- _Source material_

★ ★ ★ ★ ★

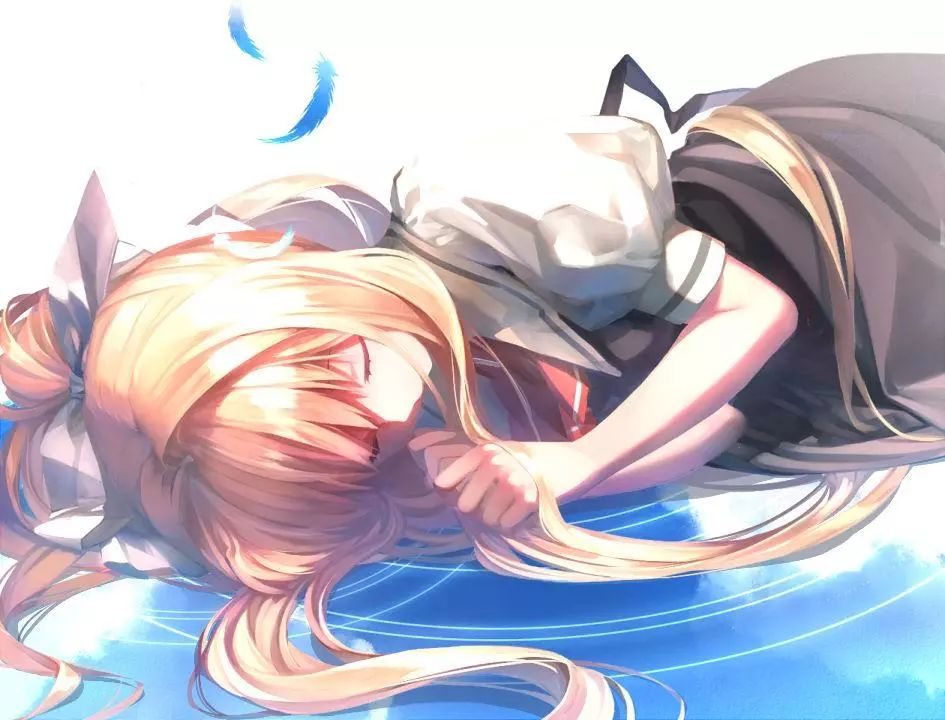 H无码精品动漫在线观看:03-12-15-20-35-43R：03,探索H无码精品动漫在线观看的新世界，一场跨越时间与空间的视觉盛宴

★ ★ ★ ★ ★

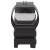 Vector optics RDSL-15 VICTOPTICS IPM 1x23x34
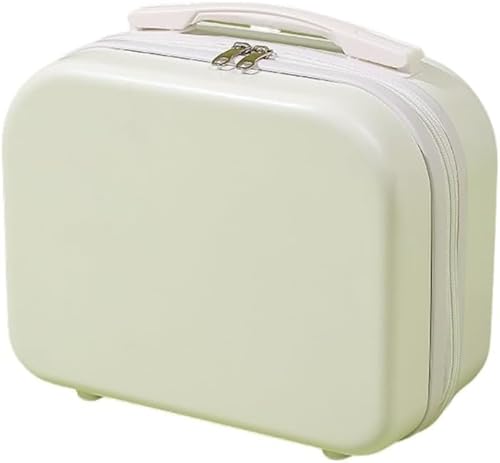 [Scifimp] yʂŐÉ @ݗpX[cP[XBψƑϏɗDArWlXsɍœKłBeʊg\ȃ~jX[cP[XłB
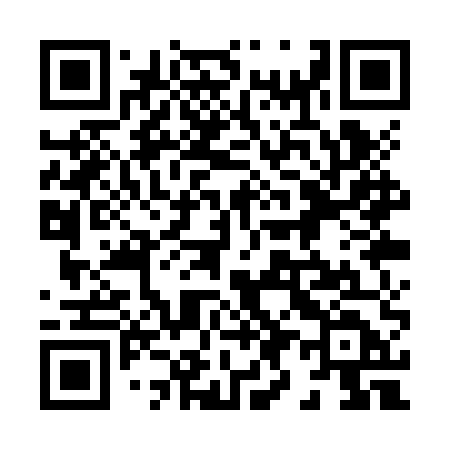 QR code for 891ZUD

★ ★ ★ ★ ★

- _Task to complete_
In the listing above, find the line containing "[Scifimp] yʂŐÉ @ݗpX[cP[XBψƑϏɗDArWlXsɍœKłBeʊg\ȃ~jX[cP[XłB" and the line containing "QR code for 891ZUD". Reproduce those lines and all between them exactly, with no pictures and nothing more.

- _Problem solution_
 [Scifimp] yʂŐÉ @ݗpX[cP[XBψƑϏɗDArWlXsɍœKłBeʊg\ȃ~jX[cP[XłB
 QR code for 891ZUD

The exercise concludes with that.